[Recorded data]
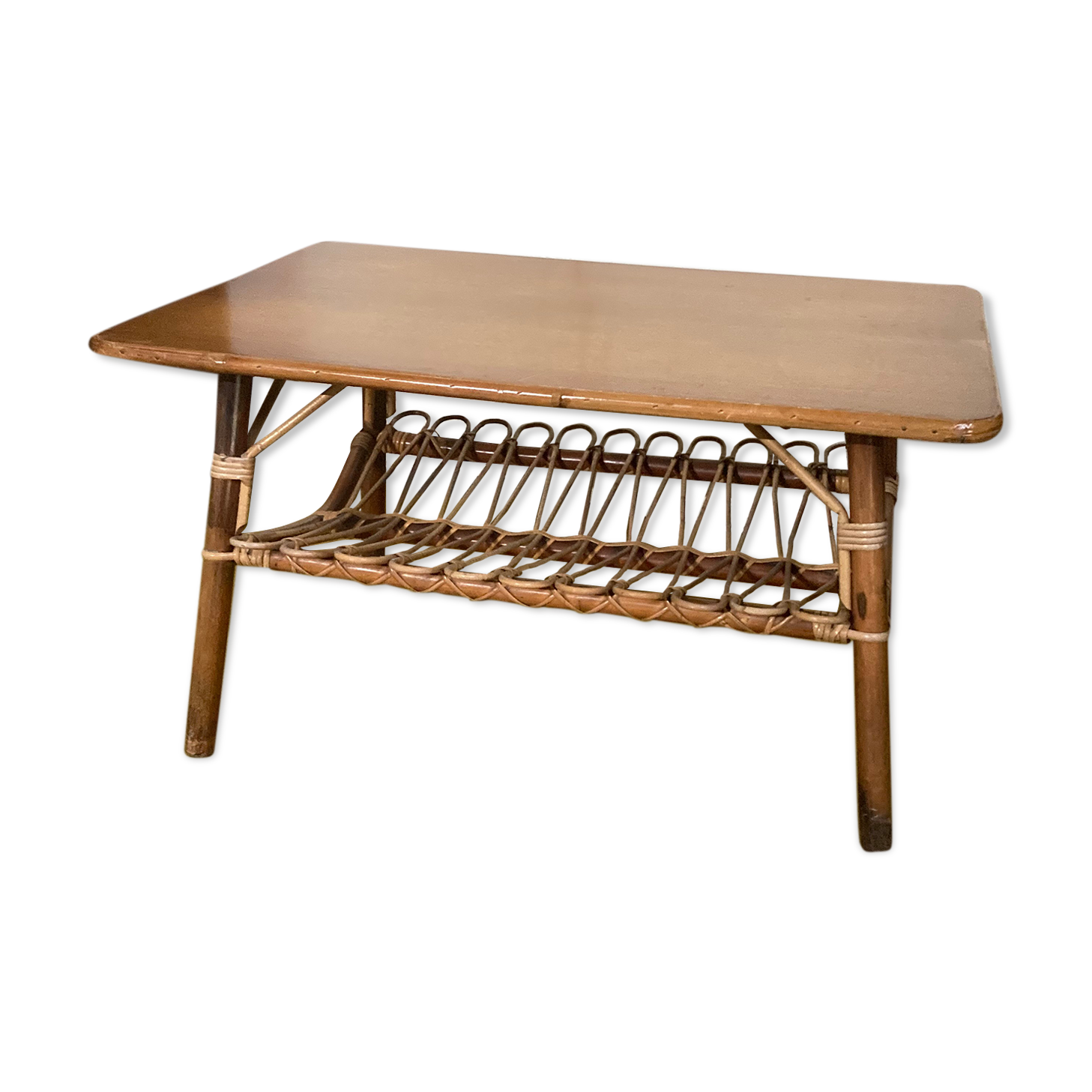 Rattan living room table with review door from the 70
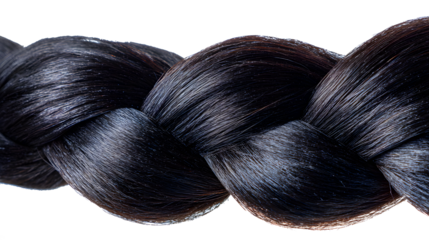 Close up of beautifully braided dark hair showing detail of texture and sheen for a sophisticated look with natural hair care and hair styling concepts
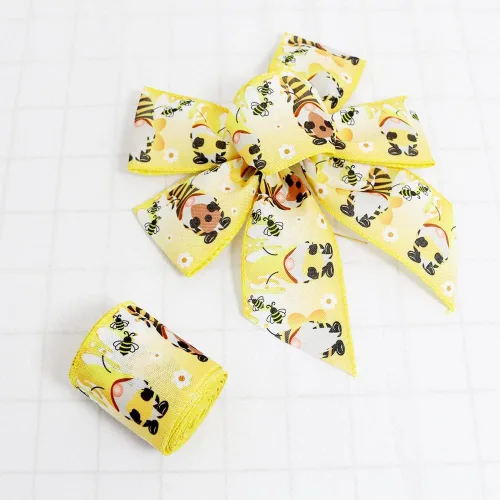 Vista 3 de 6 rollos de cinta de abeja de 30 yardas, cinta de borde con cable, cinta de miel para envoltura de manualidades de primavera y verano, rayas de 2.5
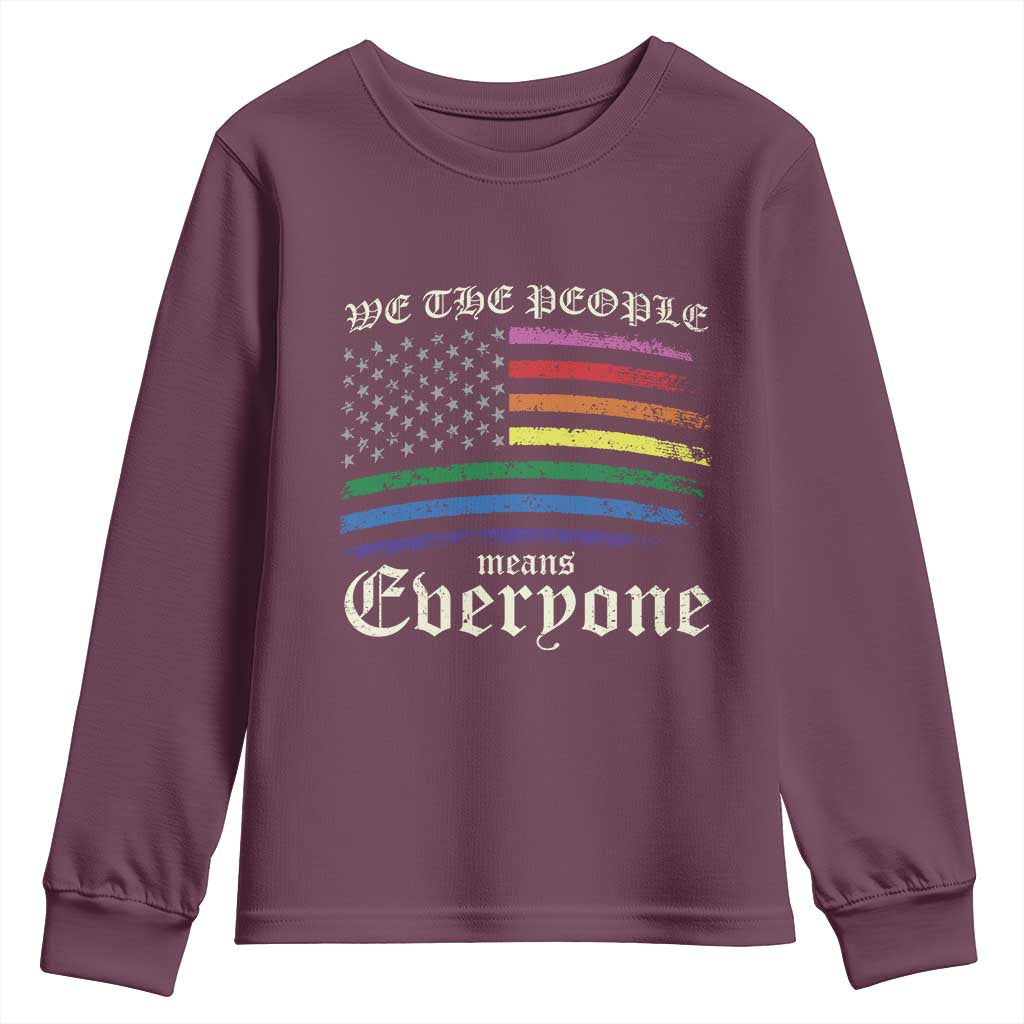 We The People Means Everyone Lgbt Equality Youth Sweatshirt USA LGBTQ Pride Flag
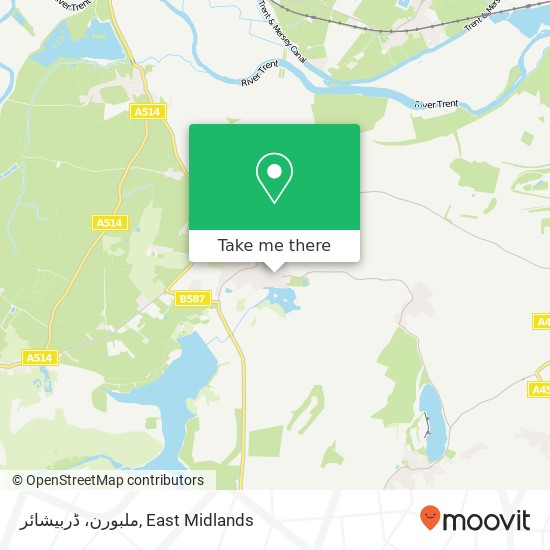 ملبورن، ڈربیشائر map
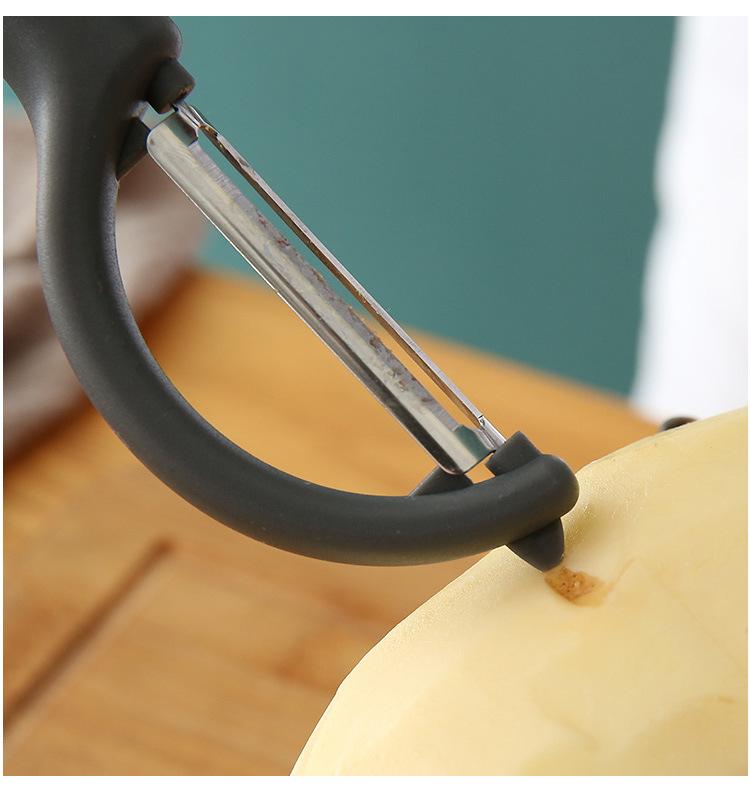 Новая овощечистка с двойными лезвиями, картофелечистка из нержавеющей стали для левшей и правшей, овощечистка с нескользящей ручкой, кухонная утварь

DESCRIPTION OF THE TASK —
Set down a word-for-word copy of the records, dropping any picture.

TASK OUTPUT —
 Rattan living room table with review door from the 70
 Close up of beautifully braided dark hair showing detail of texture and sheen for a sophisticated look with natural hair care and hair styling concepts
 Vista 3 de 6 rollos de cinta de abeja de 30 yardas, cinta de borde con cable, cinta de miel para envoltura de manualidades de primavera y verano, rayas de 2.5
 We The People Means Everyone Lgbt Equality Youth Sweatshirt USA LGBTQ Pride Flag
 ملبورن، ڈربیشائر map
 Новая овощечистка с двойными лезвиями, картофелечистка из нержавеющей стали для левшей и правшей, овощечистка с нескользящей ручкой, кухонная утварь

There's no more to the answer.